# Work task
Copy exactly, beginning with the line holding "Beyerdynamic DT770 Pro 80ohms 全罩式監聽耳機" and ending with the final line of the data beneath this task; copy nothing else, and leave out every picture.

# Data
§

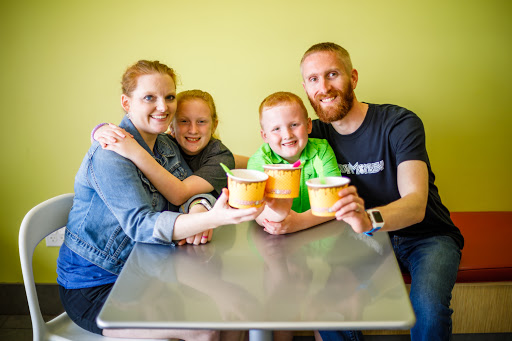 Ice Cream Shop «Muddy Monkey», reviews and photos, 3314 E Main St, Richmond, IN 47374, USA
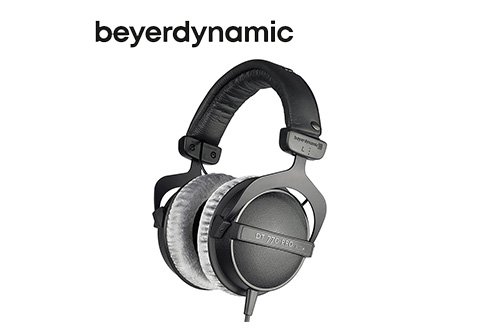 Beyerdynamic DT770 Pro 80ohms 全罩式監聽耳機
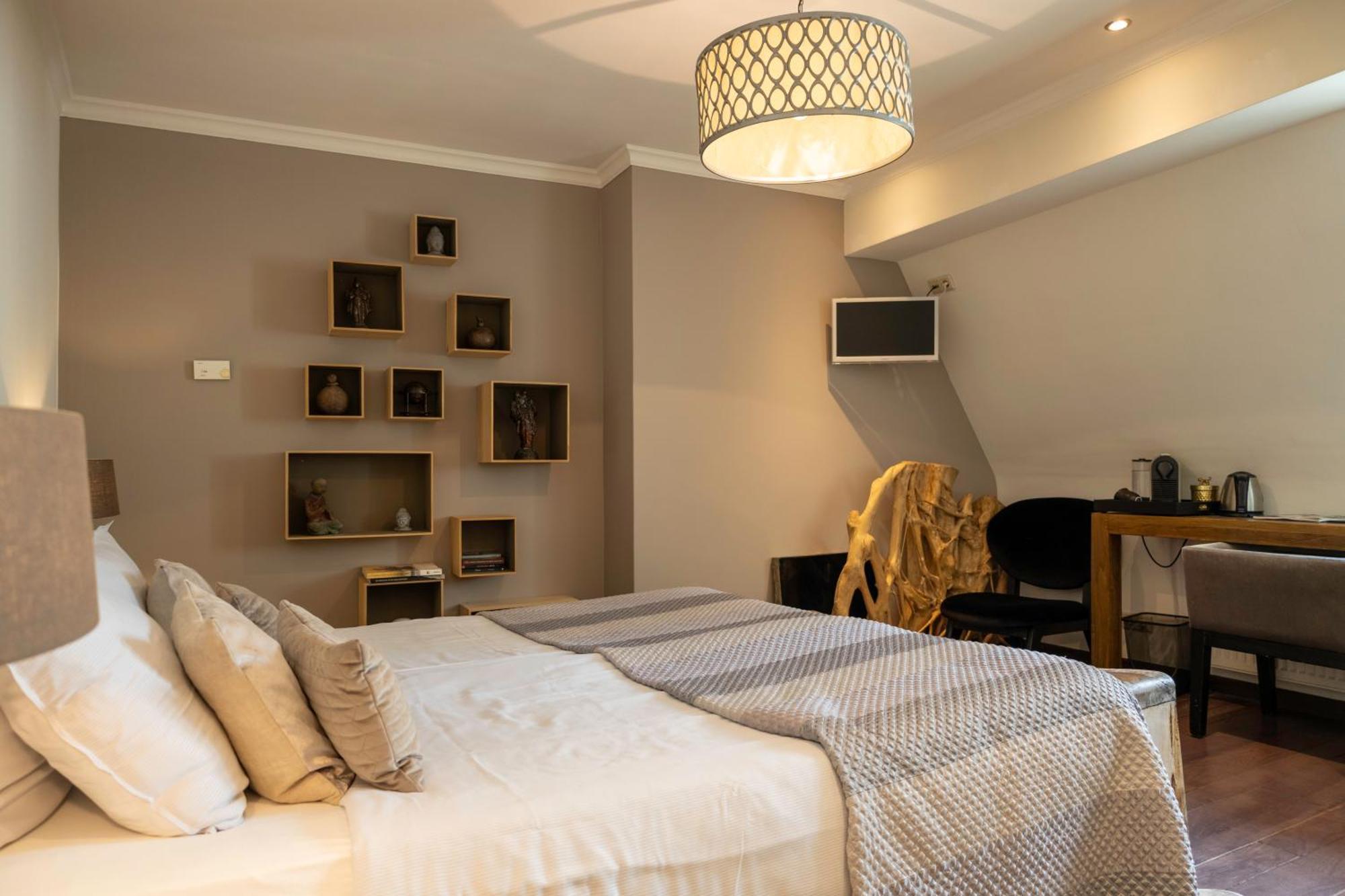 Hotel Stella Maris มาสทริชท์ ภายนอก รูปภาพ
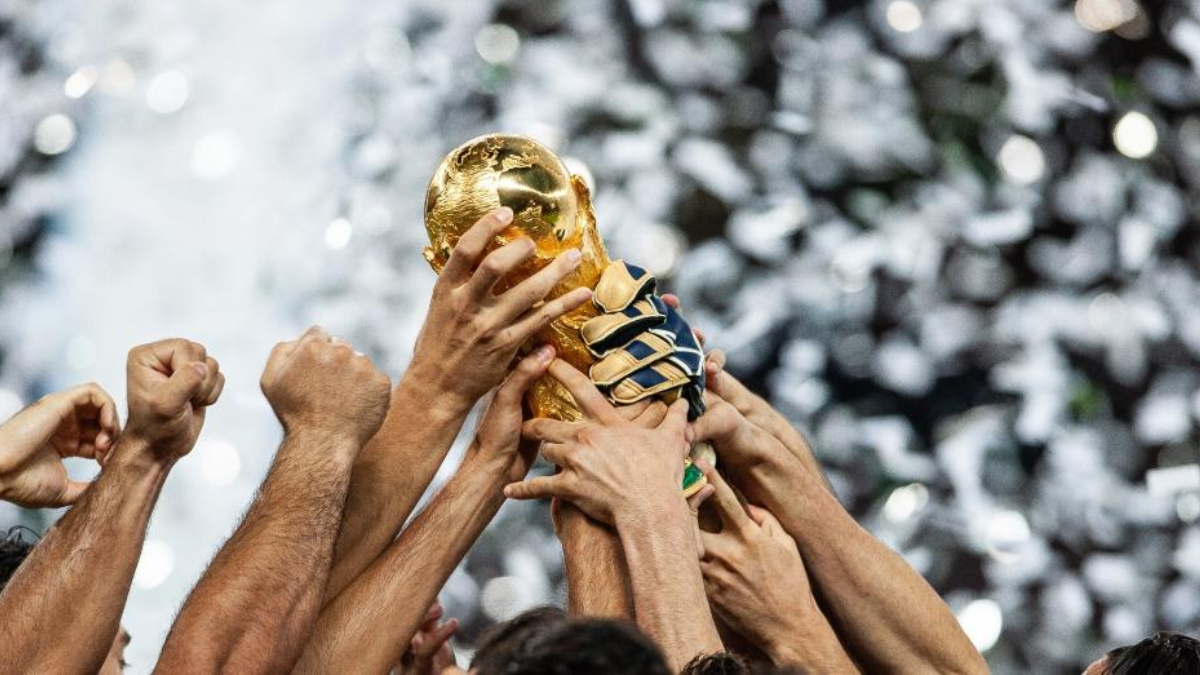 FIFA Mundial 2026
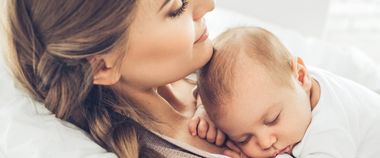 Зображення новини Верховна Рада підтримала перезапуск програми “Пакунок малюка”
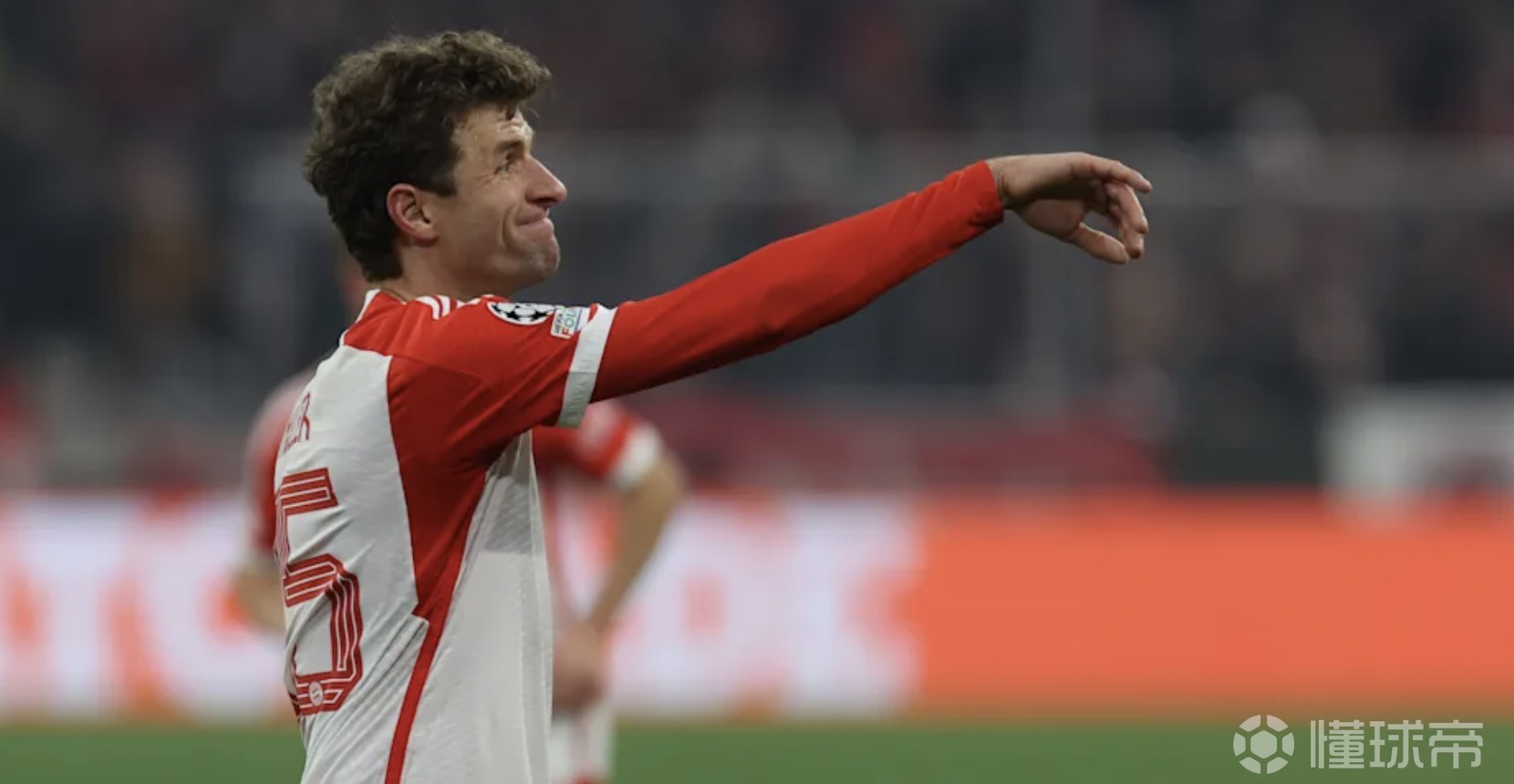 包含瑞士力克拜仁,穆勒惊艳四座的词条 包含瑞士力克拜仁,穆勒惊艳四座的词条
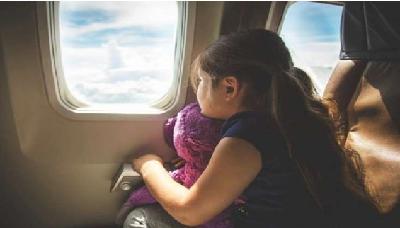 كيف يغيّرنا السّفر ✈️؟ كيف يغيّرنا السّفر ✈️؟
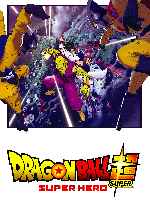 miniatura dragon-ball-super-super-hero-v7-por-mrandrewpalace cover carteles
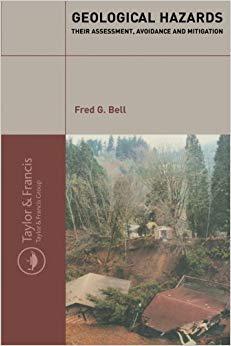 【预售】Geological Hazards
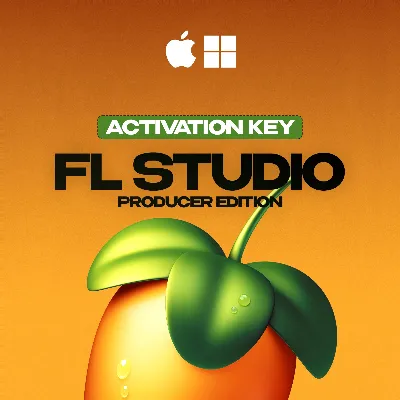 FL STUDIO 2026 PRODUCER EDITION [НАВСЕГДА] MAC & PC - irongamers.ru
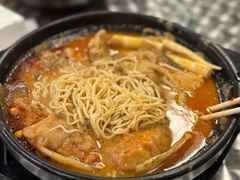 -O记东北砂锅麻辣烫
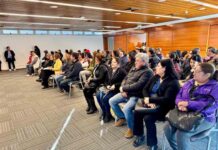 INDAP entrega millonarios recursos para impulsar agricultura campesina de Los Ángeles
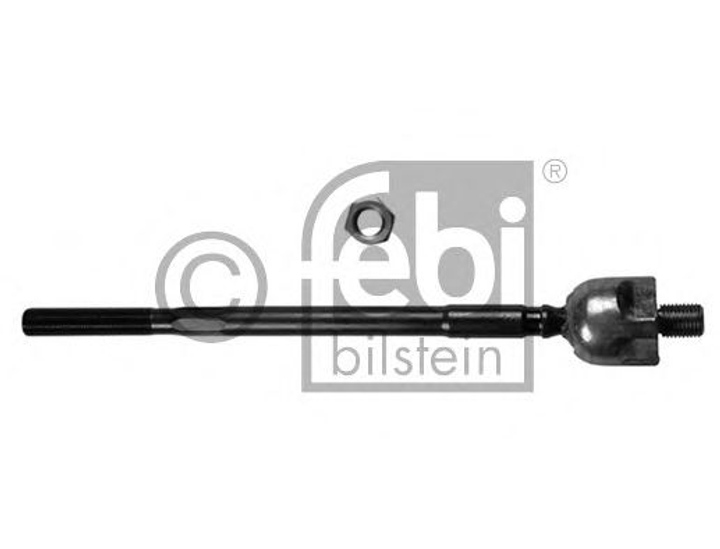 Осевой шарнир, поперечная рулевая тяга FEBI BILSTEIN 42696FE - изображение 2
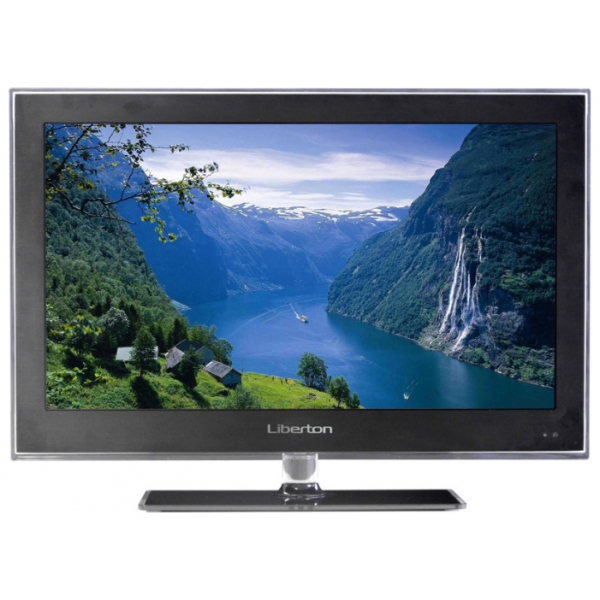 Телевизор LCD LIBERTON LED 2420 ABHDR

§

# Expected answer
 Beyerdynamic DT770 Pro 80ohms 全罩式監聽耳機
 Hotel Stella Maris มาสทริชท์ ภายนอก รูปภาพ
 FIFA Mundial 2026
 Зображення новини Верховна Рада підтримала перезапуск програми “Пакунок малюка”
 包含瑞士力克拜仁,穆勒惊艳四座的词条 包含瑞士力克拜仁,穆勒惊艳四座的词条
 كيف يغيّرنا السّفر ✈️؟ كيف يغيّرنا السّفر ✈️؟
 miniatura dragon-ball-super-super-hero-v7-por-mrandrewpalace cover carteles
 【预售】Geological Hazards
 FL STUDIO 2026 PRODUCER EDITION [НАВСЕГДА] MAC & PC - irongamers.ru
 -O记东北砂锅麻辣烫
 INDAP entrega millonarios recursos para impulsar agricultura campesina de Los Ángeles
 Осевой шарнир, поперечная рулевая тяга FEBI BILSTEIN 42696FE - изображение 2
 Телевизор LCD LIBERTON LED 2420 ABHDR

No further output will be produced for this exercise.